The following conditions that affect the flow properties of blood are discussed in brief from the rheological point of view.
(1) Volume fraction of erythrocytes-hematocrit value: -
The simple Einstein relation between relative viscosity and volume concentration of suspended particles is not valid for blood. The observed relative viscosity is greater than that calculated, owing to the interaction between the erythrocytes and a increase in the effective hematocrit value produced by enclosing and immobilizing of a certain amount of plasma within the collided erythrocytes groups. The asymptotic minimum viscosity of blood is given by a modified Hatschek's equation, over a wide range of hematocrit values.
(2) Temperature: -
The relative viscosity of a disperse system should not be affected by temperature unless the volume fraction and the shape of the dissolved or suspended particle changes. The relative viscosity of blood is, however, affected by temperature. It rises by about 10per cent by decrease in temperature from 37°C to 17°C. This rise is considered to be due to a small increase in the volume of individual erythrocytes, together with a change of shape towards a more spherical and less disc-like form.
(3) Perfusion pressure: -
If the perfusion pressure head is sufficiently large, the rate of flow of blood through a rigid vessel increases in proportion to the increase in the applied pressure head. As the pressure head is lowered, the plotted points indicating the relation between the rate of flow and the applied pressure lie on a smooth curve, which is convex to the pressure axis. The convexily becomes more and more prominent with decrease in the pressure head. Blood, therefore, is not a Newtonian fluid. It will appear to behave as a Newtonian fluid only in the limiting conditions in which the mean shearing stress is quite large and the flow still remains laminar. In order to explain the non-Newtonian flow of blood under low pressure head-the reduction in its apparent viscosity with increase in the shearing stress and rate of shear-the following factors should be taken into account.

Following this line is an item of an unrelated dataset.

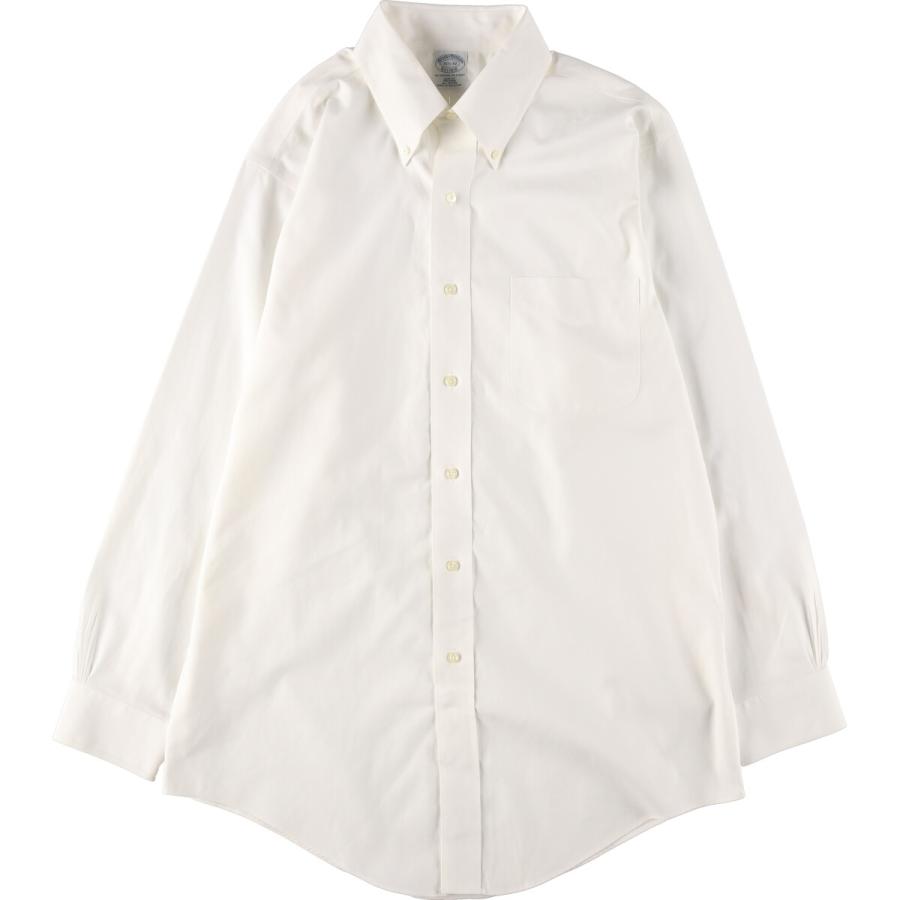 BROOKS BROTHERS（ブルックスブラザーズ） 古着 Brooks Brothers Est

(a) Orientation of the erythrocytes. Increase in the rate of shear leads to an increase in the fraction of erythrocytes which are orientated parallel to the flow axis and, as a result, it brings about a decrease in apparent viscosity.
(b) Coherence resistance and marginal slippage layer.“Coherence resistance”between the erythrocytes in addition to the viscous resistance and plug flow of unsheared blood moving down the vessel within a thin, peripheral plasmatic zone under the low pressure head might be responsible for the observed non-Newtonian property of blood. The plasmatic zone is considered to be produced by the wall effect and the axial accumulation of flowing erythrocytes.
(4) The radius of the vessel: -
In a narrow vessel of which radius is less than 300μ, the apparent viscosity of the blood is found to be less than the value observed in larger vessels. The smaller the radius is, the lower becomes the apparent viscosity. This effect (sigma effect) is observed not only in the blood but also in various suspensions in which the suspended particles are large enough to be comparable in size with the radius of the vessel.